The idea of building a stack of information can be daunting. Using the information hierarchy as a general design framework can bring to mind a relaxed one. It is tool-agnostic, indefinite, and focuses on high-level design and implementation processes.
The first layer of the frame (“Unpack and Load”) contains the centralization of the data to the repository or lake. The second layer (“Convert”) includes data collected from multiple sources and finding meaningful insights. The third layer (“Learn”) is based on these insights with machine learning models and artificial intelligence. With the fourth layer (“Service”), AI / ML work data can add value to internal and external services, customers, dashboards, and more.
By identifying which parts of the data stack fit each layer of the frame, the data group can use a conceptual approach to generate value. Nor is it a personal relationship. Some data tools can serve multiple layers of a frame. For example, Fivetran can work in the “Extract and Load” and “Convert” layers. Datacoral can work on all four floors. The custom code can be used to serve the Extract and Download and Learn levels. The main takeaway is to use a framework to make the design easier instead of using multiple tools to figure out where the value is.
Moving from “Extract and Download” to “Serve” is what we call “exporting data on the fly.”
We often see confusion when using a tool-driven mindset instead of a data hierarchy mindset. The number of different components and interconnections may seem astronomical. (See data quality for more information.) Finding the right combinations for specific needs is overwhelming for small groups of data just starting out – and there is a lot at stake. This network of tools must survive and allow the company to grow over the next two or three years. The properties of the tools must also scale with this growth.
Companies that want to generate valuable insights need to set the pace. The information hierarchy of needs provides “what” and as we have examined in previous simplicity posts a modern stack of informationand using metadata capabilities for the future of said stack, the metadata first, three-layer framework provides a “how to”.

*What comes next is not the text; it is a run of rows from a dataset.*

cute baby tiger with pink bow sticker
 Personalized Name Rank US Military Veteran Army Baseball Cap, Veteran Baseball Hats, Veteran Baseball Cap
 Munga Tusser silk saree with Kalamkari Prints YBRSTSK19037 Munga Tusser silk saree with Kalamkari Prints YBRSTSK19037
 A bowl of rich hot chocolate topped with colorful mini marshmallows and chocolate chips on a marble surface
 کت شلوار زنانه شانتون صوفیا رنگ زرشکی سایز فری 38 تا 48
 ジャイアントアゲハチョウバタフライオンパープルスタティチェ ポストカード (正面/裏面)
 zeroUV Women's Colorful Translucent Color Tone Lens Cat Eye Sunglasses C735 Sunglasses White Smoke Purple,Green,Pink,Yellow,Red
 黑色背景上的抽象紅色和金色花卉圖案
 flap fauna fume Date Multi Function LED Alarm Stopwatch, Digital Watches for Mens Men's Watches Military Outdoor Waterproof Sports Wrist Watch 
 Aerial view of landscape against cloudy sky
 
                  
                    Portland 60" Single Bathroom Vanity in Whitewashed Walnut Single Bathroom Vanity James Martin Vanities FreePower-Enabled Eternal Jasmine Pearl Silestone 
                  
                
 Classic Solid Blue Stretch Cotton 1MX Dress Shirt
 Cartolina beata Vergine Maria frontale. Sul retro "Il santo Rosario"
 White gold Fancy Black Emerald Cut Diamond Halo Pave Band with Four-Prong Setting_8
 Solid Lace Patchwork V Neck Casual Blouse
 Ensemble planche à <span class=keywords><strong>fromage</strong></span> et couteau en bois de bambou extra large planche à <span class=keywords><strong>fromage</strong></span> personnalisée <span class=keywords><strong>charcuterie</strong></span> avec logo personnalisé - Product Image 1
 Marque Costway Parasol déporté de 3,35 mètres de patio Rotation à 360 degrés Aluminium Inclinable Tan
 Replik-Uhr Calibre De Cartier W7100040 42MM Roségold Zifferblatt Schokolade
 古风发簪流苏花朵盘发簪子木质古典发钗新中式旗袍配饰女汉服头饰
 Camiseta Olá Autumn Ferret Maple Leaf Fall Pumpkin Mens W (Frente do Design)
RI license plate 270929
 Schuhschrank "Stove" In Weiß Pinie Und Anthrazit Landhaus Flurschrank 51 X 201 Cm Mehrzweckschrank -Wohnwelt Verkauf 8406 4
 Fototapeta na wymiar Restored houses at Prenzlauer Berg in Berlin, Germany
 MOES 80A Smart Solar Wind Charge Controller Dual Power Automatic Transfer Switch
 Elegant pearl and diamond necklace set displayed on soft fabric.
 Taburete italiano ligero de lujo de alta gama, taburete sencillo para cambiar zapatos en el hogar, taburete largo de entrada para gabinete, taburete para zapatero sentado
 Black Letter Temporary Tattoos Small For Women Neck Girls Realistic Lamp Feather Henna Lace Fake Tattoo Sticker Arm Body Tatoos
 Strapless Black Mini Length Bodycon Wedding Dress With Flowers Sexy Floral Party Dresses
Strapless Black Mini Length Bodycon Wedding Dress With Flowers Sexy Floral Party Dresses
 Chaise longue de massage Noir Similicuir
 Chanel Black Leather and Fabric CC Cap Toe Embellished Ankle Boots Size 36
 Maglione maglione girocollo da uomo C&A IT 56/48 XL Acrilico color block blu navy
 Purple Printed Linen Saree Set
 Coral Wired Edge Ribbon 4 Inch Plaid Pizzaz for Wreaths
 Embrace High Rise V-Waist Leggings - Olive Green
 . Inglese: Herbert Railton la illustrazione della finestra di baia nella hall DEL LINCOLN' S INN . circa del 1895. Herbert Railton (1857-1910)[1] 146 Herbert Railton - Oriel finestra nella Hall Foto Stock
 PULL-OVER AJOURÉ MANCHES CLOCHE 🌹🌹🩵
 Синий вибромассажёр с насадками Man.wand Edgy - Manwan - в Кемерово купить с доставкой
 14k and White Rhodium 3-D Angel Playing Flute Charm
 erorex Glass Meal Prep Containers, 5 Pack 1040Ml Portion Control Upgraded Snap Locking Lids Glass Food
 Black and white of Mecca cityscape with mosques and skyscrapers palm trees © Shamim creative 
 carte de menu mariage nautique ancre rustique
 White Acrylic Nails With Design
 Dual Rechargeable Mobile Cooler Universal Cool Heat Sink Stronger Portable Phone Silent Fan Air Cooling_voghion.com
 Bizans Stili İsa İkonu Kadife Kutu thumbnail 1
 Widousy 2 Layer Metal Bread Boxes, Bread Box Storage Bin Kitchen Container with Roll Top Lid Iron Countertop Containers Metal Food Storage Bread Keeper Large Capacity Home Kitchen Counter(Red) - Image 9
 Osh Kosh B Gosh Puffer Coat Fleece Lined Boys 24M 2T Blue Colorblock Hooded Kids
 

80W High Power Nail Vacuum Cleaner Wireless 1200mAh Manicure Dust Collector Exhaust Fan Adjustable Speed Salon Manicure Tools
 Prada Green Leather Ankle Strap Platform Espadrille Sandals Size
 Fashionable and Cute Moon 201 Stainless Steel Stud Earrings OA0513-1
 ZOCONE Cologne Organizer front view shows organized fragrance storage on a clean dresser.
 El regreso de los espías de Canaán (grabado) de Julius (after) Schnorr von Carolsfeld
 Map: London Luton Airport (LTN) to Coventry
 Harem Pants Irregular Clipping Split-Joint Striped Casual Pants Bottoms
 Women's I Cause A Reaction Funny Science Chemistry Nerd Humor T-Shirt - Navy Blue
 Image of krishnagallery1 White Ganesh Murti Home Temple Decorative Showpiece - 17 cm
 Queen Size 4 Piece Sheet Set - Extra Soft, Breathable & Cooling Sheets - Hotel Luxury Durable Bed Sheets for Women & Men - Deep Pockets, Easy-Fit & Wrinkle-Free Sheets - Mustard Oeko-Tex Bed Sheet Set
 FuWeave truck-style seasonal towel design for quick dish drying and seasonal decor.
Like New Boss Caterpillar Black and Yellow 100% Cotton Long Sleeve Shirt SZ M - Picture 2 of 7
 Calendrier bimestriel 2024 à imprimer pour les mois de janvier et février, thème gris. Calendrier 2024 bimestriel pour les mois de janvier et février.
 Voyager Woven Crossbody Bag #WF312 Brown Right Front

The data stream layer of a frame represents the transition from “data” to. But that is just the beginning. Together, these ideas provide a way of thinking objectively and abstractly about your information.
The hierarchy makes it clear that there are a number of dependencies in the transition from “getting information” to gaining valuable insights from information. This is how data-driven companies work. It is no coincidence. They transfer data at its pace. It requires expertise and experimentation.
Examining data using a needs information hierarchy allows each data group to develop a meaningful understanding of where they are in the hierarchy, how to assess the strengths and weaknesses of their current position, and how to move on to the next step.
If you’re looking for examples of how data is exported in practice, we have two stories to share. A platform for acquiring corporate talent Greenhouse rose to the data hierarchy to use ML models that improved their interview scheduling experience and solved their “pointillist spaghetti data problem.” And the start of the gig economy Jyve used their intelligence tell “Jyvers” on their platform and expand into new markets. Both of these use cases show how little data can go a long way!